During a recent conversation with my wife (she was talking, probably thought I was listening, you know….), the subject turned to George Clooney and his net worth. A quick “Hey Alexa” revealed his net worth (financial, not his true worth) to be just north of $500 MILLION. With a few clicks of a mouse, I discovered that Garth Brooks is worth over $310 million, Lebron James $400 mil, and Jerry Seinfeld is worth $900 million.

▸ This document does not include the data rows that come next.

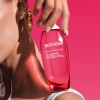 Bruma corporal Biotherm eau vitaminée 100 ml Pulsation Berry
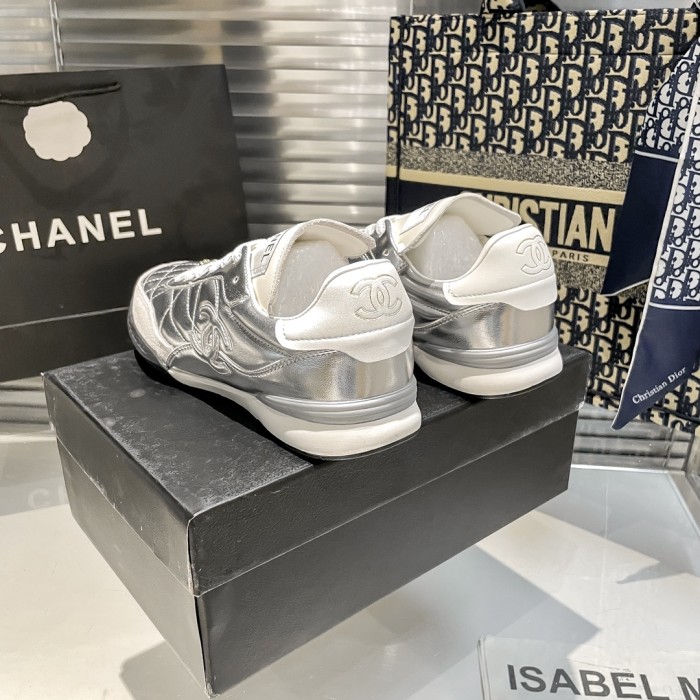 Women's flat sneaker shoes,size 35-41, SS70-31-34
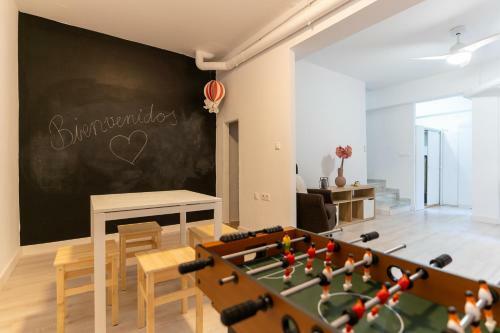 Apartamento Rentafive Piscina Reformado Gran Alacant
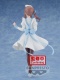 The Quintessential Quintuplets Movie Kyunties Miku Nakano (Nurse version)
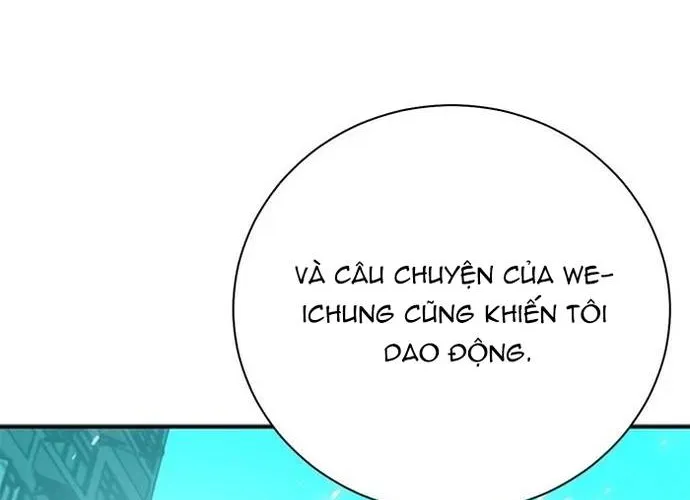 Druid Tại Ga Seoul - Người Hóa Thú Chap 142 - Next Chap 143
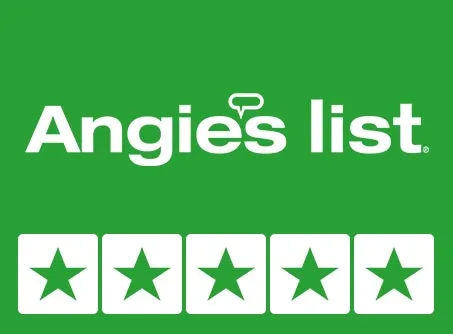 Angie's List Reviews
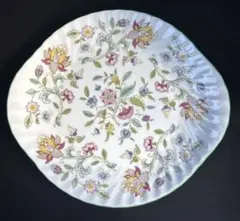 2025年最新】Minton 食器の人気アイテム - メルカリ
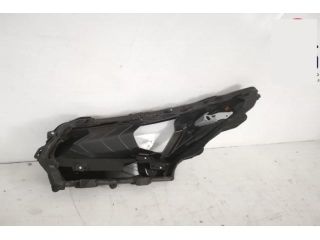 bontott LEXUS NX Jobb első Lámpabúra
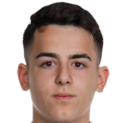 https://img.longzhuzhibot.com.cn/img/football/player/57436dcab985255a6ca930333aa03cf8.png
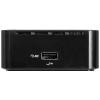 Targus dokovací stanice pro notebook DOCK182EUZ Vhodné pro značky (dokovací stanice pro notebook): univerzální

Just to be clear, I don’t begrudge any of these people for making all they can, and for commanding whatever the market will bear. I’ve contributed to at least some of their earnings. However, the longer we talked (yes, I was actually engaged in the conversation now) the angrier I became; none of these “celebrities” chosen career paths really has any affect on my life, or that of my family. They don’t manufacture, deliver, grow or sell anything that any of us couldn’t live without. Not one thing. They could cease to exist tomorrow and my life would not change one iota. Don’t even get me started on politicians!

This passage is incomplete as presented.